Diese Koinzidenz von hochambitionierten, gigantomanen Technikprojekten und drastischen Folgen für die Umwelt bildet den Hintergrund, vor dem der in Hongkong lebende Philosoph Yuk Hui in seinem Essay "Die Frage nach der Technik in China" fragt, ob Chinas gegenwärtige Technikphilosophie und Naturdenken den Herausforderungen im Anthropozän gewachsen seien. Wenig überraschend ist, dass Hui seine eigene Frage verneint. Überraschend aber ist seine Begründung. Weil China den Blick auf seine eigene Technikgeschichte aktiv verweigere, stehe es hilflos vor den Zerstörungen, die die Folgen der rapiden Technisierung der letzten Jahre im Land selbst angerichtet haben.

Für Hui ist das nicht einfach nur die Folge einer rücksichtslosen Industrialisierung, wie sie überall auf der Welt zu finden ist, sondern Ausdruck eines Technologieverständnisses, das sich von dem des Westens grundlegend unterscheidet: "Technik in dem Sinne, wie wir sie heute verstehen - oder zumindest, wie sie von gewissen europäischen Philosophien definiert wird -, hat es in China nie gegeben", lautet eine seiner zentralen Thesen. Erst "während der letzten dreißig Jahre bildeten die Philosophien der Technologie Chinas eine lebhafte Reaktion auf die technologische Globalisierung und das chinesische Wirtschaftswachstum".

Was aber machte das Spezifische des chinesischen Technikdenkens aus, wenn es in der chinesischen Geschichte der Industrialisierung gar keine Rolle spielte?
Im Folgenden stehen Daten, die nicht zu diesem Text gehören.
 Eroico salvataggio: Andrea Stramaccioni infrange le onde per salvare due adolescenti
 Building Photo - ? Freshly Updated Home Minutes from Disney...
Und könnte eine Neuinterpretation der Traditionen dazu beitragen, ein neues Technikverständnis zu entwickeln, das auch ein neues Verhältnis zur Natur, zum Leben beinhalten würde? Hui ist die Komplexität dieser Fragestellung bewusst. Er weiß, dass auch die frühe chinesische Geschichte keine von anderen Kulturen unbeeinflusste Geschichte war, und gibt eine entschiedene Antwort. Er postuliert, dass die Herrschaft über die Welt als Wille zur Macht in China "nicht in Erscheinung trat". Der Konflikt zwischen Technik und Natur, der in der westlichen Geschichte als Herrschaft des Menschen über die Natur zu lösen versucht wurde, spielte in China bis ins 19. Jahrhundert keine Rolle. Erst die unter dem Druck der Kolonialmächte, besonders der britischen, geführten Opiumkriege rückten Technik und Technologie als Problem in das Blickfeld. Es waren die Kolonialmächte, die in China Technologie als von Kosmologie und Moral unabhängigen Bereich etablierten.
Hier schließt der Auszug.